Subject: Re: make(1) variables: sort and disorder [patch]
To: None <tech-userlevel@NetBSD.org>
From: Alan Barrett <apb@cequrux.com>
List: tech-userlevel
Date: 06/01/2005 12:33:42
On Tue, 31 May 2005, Mike M. Volokhov wrote:
> sjg@crufty.net (Simon J. Gerraty) wrote:
> > Rathere than add a new option :X, turn allow :O to take an optional 2nd
> > flag - eg. 
> > :O	ordered
> > :Or	reversed
> > :Ox	random
> 
> Done. Please take a look to the patch (below) and thanks for the advice.

I like this a lot, and it will be very useful in pkgsrc for shuffling
the order of download sites.  I have a few comments about the man page
and the implementation.

>  .It Cm \&:O
>  Order every word in variable alphabetically.
> +.It Cm \&:Or
> +Reverse words in variable from head to tail.

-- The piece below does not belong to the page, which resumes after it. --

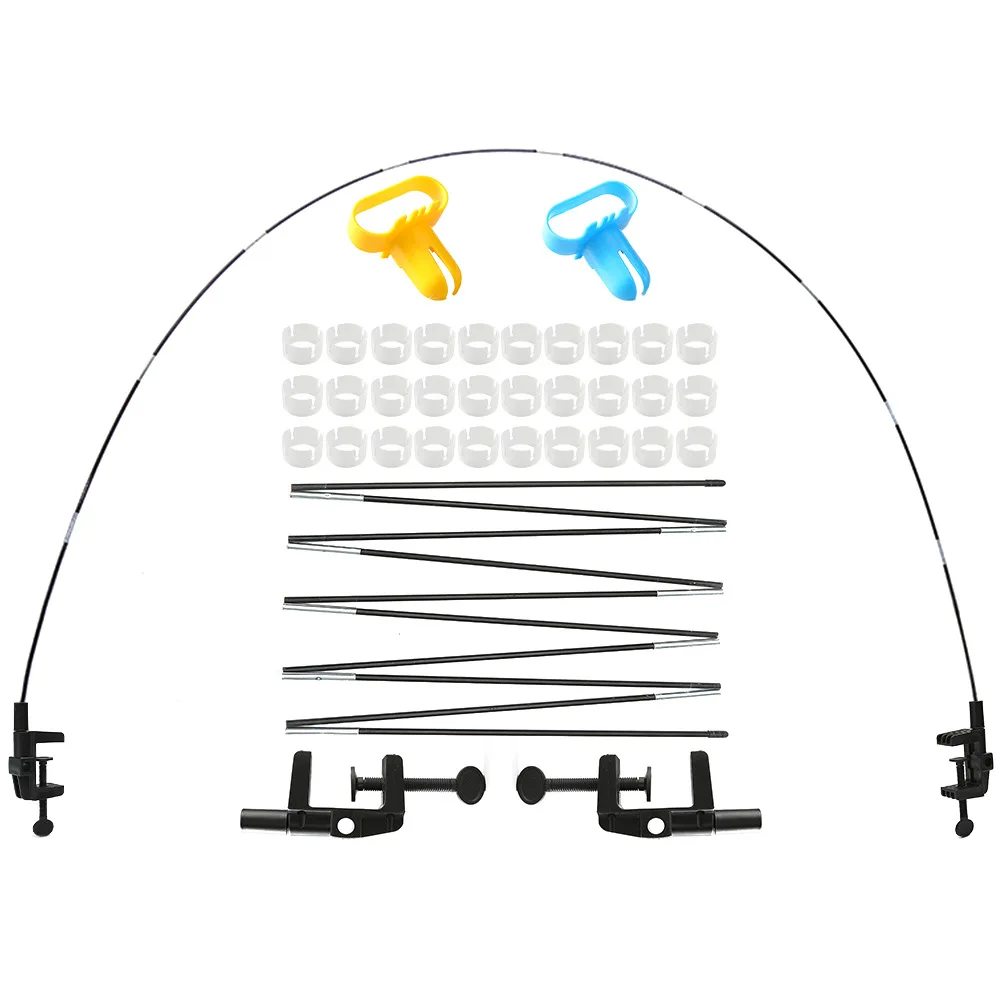 Y-Q035 2021 Amazon Самая продаваемая тонировка для рабочего стола Съемная арка для воздушных шаров комплект подставка для свадебного торжества и дня рождения праздничное украшение стола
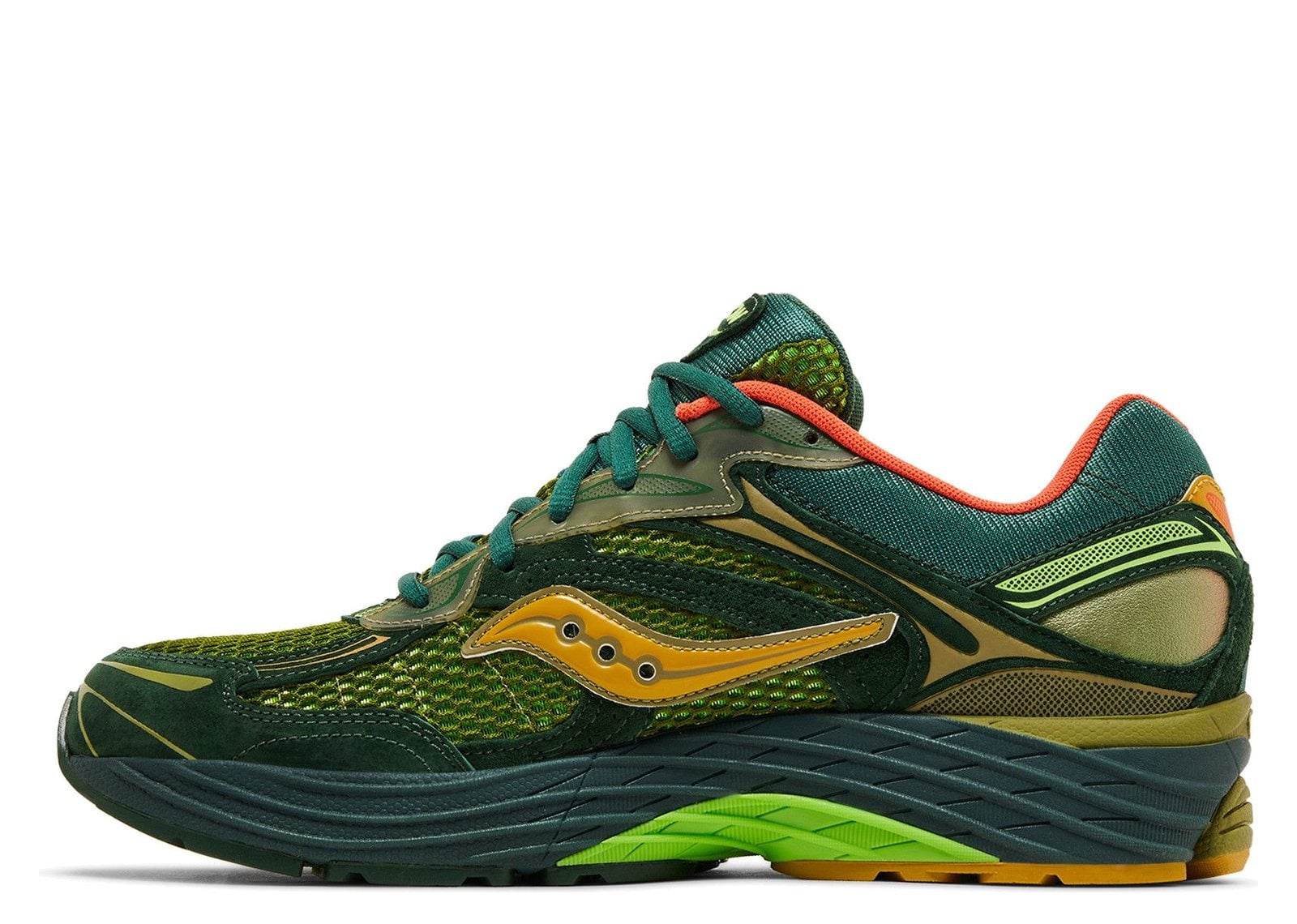 Saucony ProGrid Omni 9 Starcow Nature Acts Man Does - görsel 2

It's not clear whether "head to tail" refers to the original order
or alphabetical order.  So I'd say something like "Order words in
variable in reverse alphabetical order."  Possibly also mention that
${variable:Or} is equivalent to ${variable:O:[-1..1]}.

> +.It Cm \&:Ox
> +Randomize words in variable. The results will be different each
> +time you are referring to the modified variable; use the assignment
> +with expansion
> +.Pq Ql Cm \&:=
> +to prevent such behaviour.

Perhaps this explanation would benefit from an example?

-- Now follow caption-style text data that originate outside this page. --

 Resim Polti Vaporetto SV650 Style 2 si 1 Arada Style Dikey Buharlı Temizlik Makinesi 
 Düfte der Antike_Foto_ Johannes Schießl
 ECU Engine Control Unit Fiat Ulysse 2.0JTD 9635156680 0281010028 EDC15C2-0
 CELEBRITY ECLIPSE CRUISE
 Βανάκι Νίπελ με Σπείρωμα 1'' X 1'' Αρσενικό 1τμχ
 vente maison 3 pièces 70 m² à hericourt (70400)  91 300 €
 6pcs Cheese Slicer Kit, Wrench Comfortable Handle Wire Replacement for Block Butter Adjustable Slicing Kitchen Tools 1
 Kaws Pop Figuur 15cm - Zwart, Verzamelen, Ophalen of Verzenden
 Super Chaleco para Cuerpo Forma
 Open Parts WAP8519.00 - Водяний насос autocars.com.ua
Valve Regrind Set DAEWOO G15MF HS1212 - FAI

> If randomization will be done on unsorted
> +source sequence, it may produce an alphabetically ordered result;
> +to avoid this explicitly sort the source, and then randomize it as
> +.Ql Cm \&:O:Ox .

It should be expected that shuffling the words will ocasionally produce
ordered output.  That's part of the nature of random shuffling.  There
should be no need to try to prevent it.  Trying to prevent ordered otput
from a random process actually reduces the randomness of the process.
So I would remove this sentence frmo the man page.

>   * Input:
>   *	str		String whose words should be sorted
> + *	otype		How to order: (s)ort, (r)everse, intermi(x) 

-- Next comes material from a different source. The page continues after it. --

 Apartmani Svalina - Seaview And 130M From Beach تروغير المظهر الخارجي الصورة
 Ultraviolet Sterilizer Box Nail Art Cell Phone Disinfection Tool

The term "intermix" doesn't tell me that it means "random".  I suggest saying
"(x) random".

> +	    /* intermixed variable should return different values each time */
> +	    gettimeofday(&rightnow, NULL);
> +	    srandom(rightnow.tv_sec + rightnow.tv_usec);

I don't think there's any gain from calling srandom() more than once per
program execution.

> +	    for (i = 0; i < ac; i++) {
> +		    ai[i].rnd = random();
> +		    ai[i].avi = av[i];
> +	    }

I suggest using the shuffling method used in the get_shuffle() function
in src/usr.bin/shuttle/shuffle.c.  It has some good properties proved by
Knuth.

--apb (Alan Barrett)